In the copy of the lines below, leave out pictures and print everything else exactly.

■ Data provided ■
☆ ☆ ☆ ☆

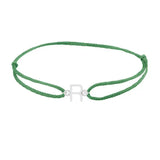 Sans serif initial R silk bracelet in sterling silver on emerald silk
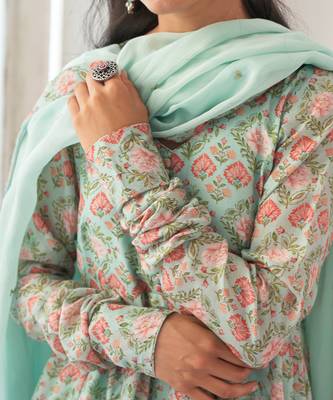 Aqua peony anarkali set 4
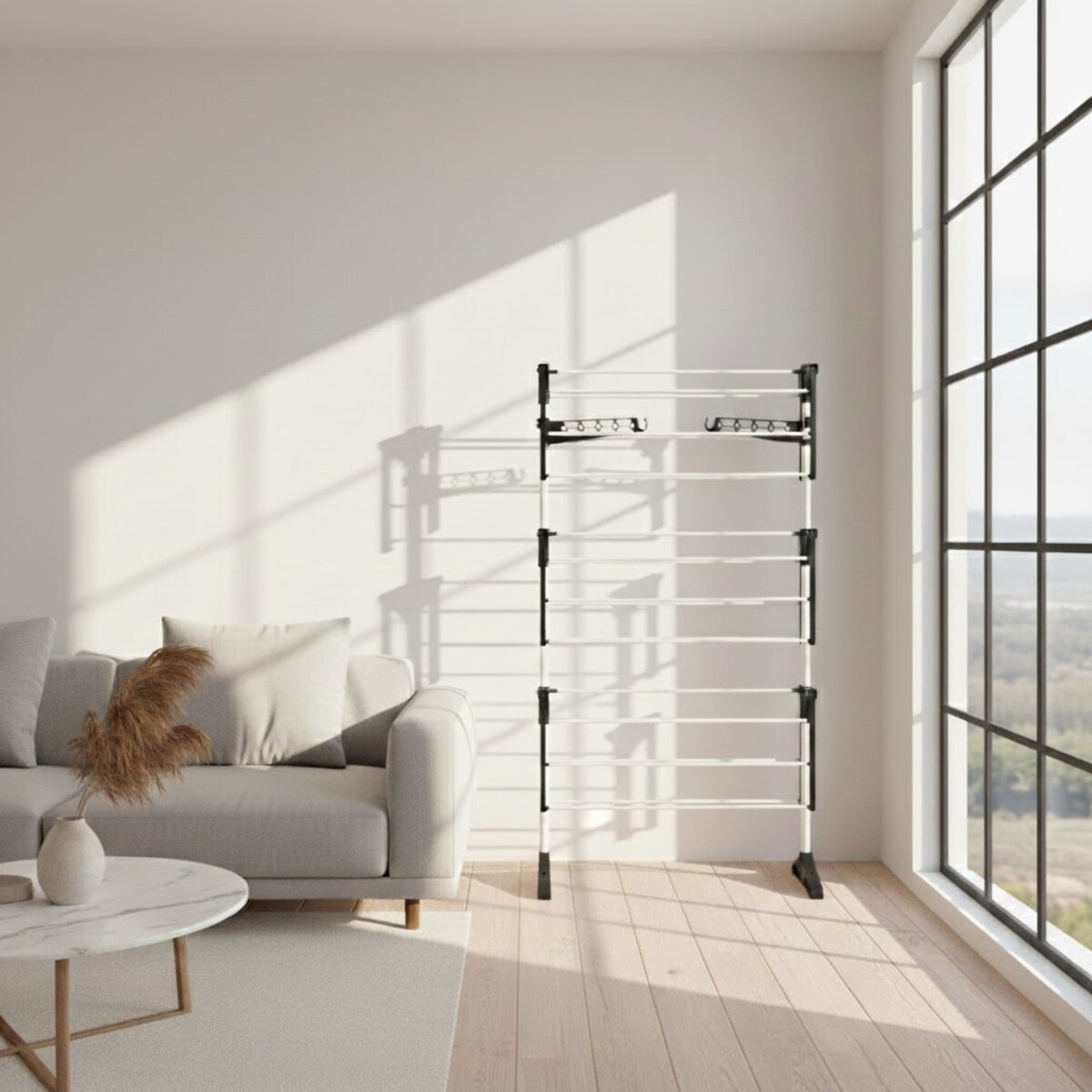 Pionowa suszarka na pranie z miejscem na wieszaki, 160 cm, ALTO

☆ ☆ ☆ ☆

■ Written solution ■
 Sans serif initial R silk bracelet in sterling silver on emerald silk
 Aqua peony anarkali set 4
 Pionowa suszarka na pranie z miejscem na wieszaki, 160 cm, ALTO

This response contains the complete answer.